天と地がまだ生まれていないときは、例えるなら、海の上に浮かぶ雲が根ざすところがないような状態でした。
そんな中に一つの物が生まれました。それは、葦の芽が泥の中から生まれるようでした。
それが人に変化しました。国常立尊とおっしゃいます。
原文
一書曰、天地未生之時、譬猶海上浮雲無所根係。其中生一物、如葦牙之初生埿中也、便化爲人、號国常立尊。
簡単な解説
泥の中から現れ出た物が、人の形になって神となったといっています。
神は人の形をしているという概念があったということでしょう。
第一段一書 その6
ある書では、こう伝えています。
天と地が初めて分かれたとき、ある物がありました。それは葦の芽が空中に生まれたようでした。

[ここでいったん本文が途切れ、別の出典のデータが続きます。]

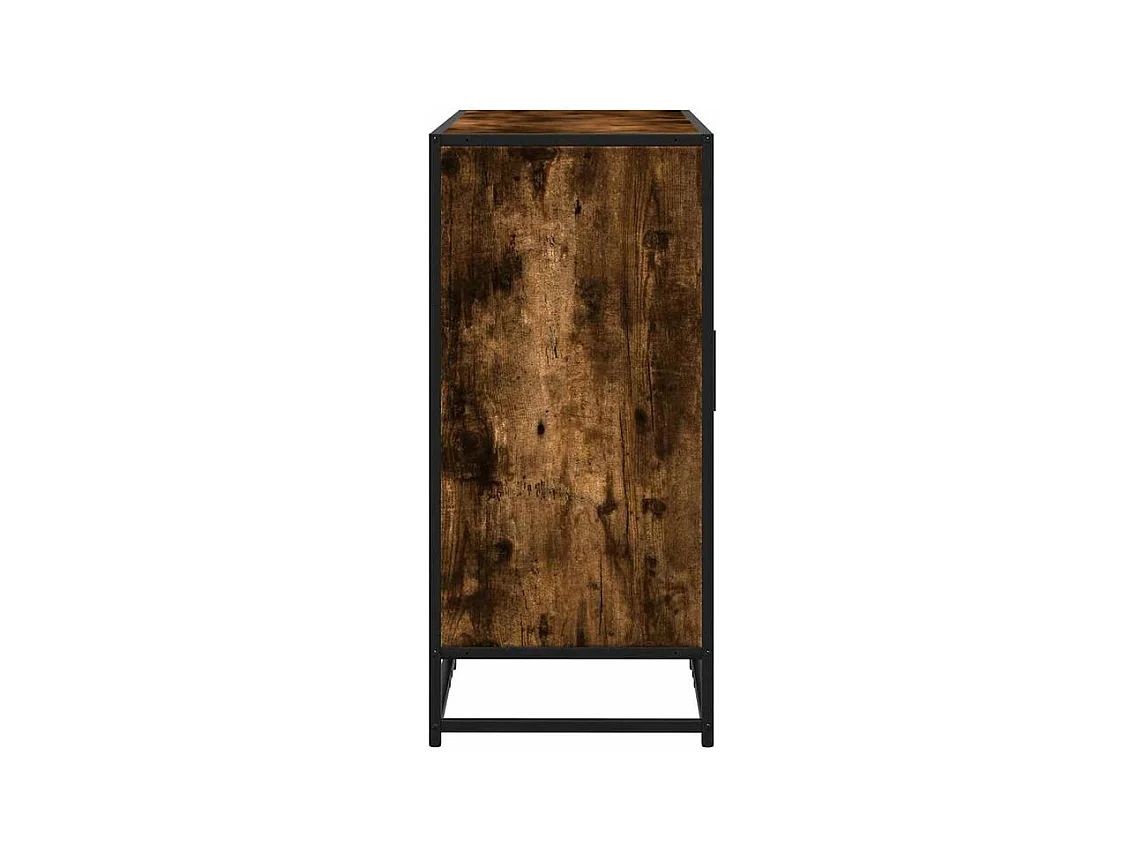 Buffet chêne fumé 92x35x76 bois d'ingénierie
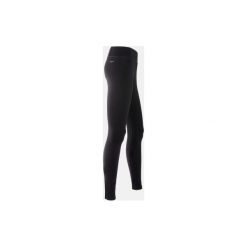 Legginsy Gym & Pilates slim damskie. Czarne legginsy damskie Adidas, s, bez wzorów, z elastanu. Za 129,99 zł.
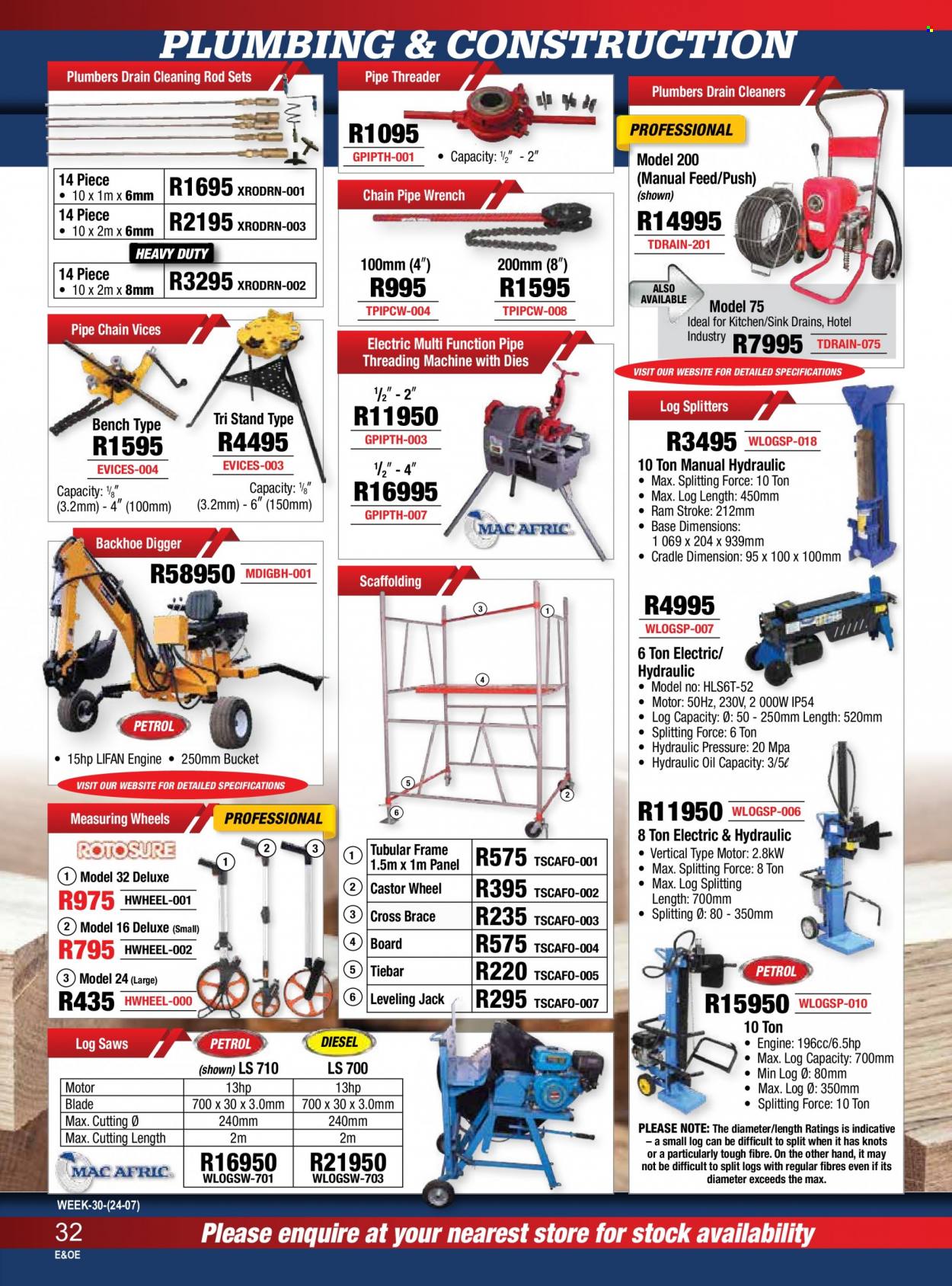 Adendorff Machinery Mart specials. Page 34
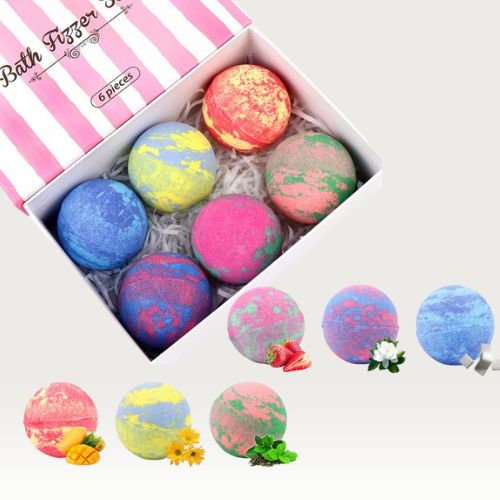 Effervescent Bath Bomb Set – Exfoliate, Purify &amp; Nourish Your Skin!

これによって化成した神を天常立尊(あめのとこたちの尊)と申し上げます。
また、ある物がありました。それは浮かぶ脂が空中に生まれたようでした。
これによって化成した神を国常立尊と申し上げます。
原文
一書曰、天地初判、有物、若葦牙、生於空中。因此化神、號天常立尊、次可美葦牙彥舅尊。又有物、若浮膏、生於空中。因此化神、號国常立尊。
簡単な解説
こちらは「天と地」それぞれに神が現れるという、受け入れやすい構造となっています。
「陰だの陽だのというのであれば、こうでなくっちゃ」と思いますよね。
そして注目すべきは、葦の芽のような物から天常立尊が、脂のような物から国常立尊が現れたとなっています。言い換えると、葦からは天の神、脂からは国の神が生まれたということになります。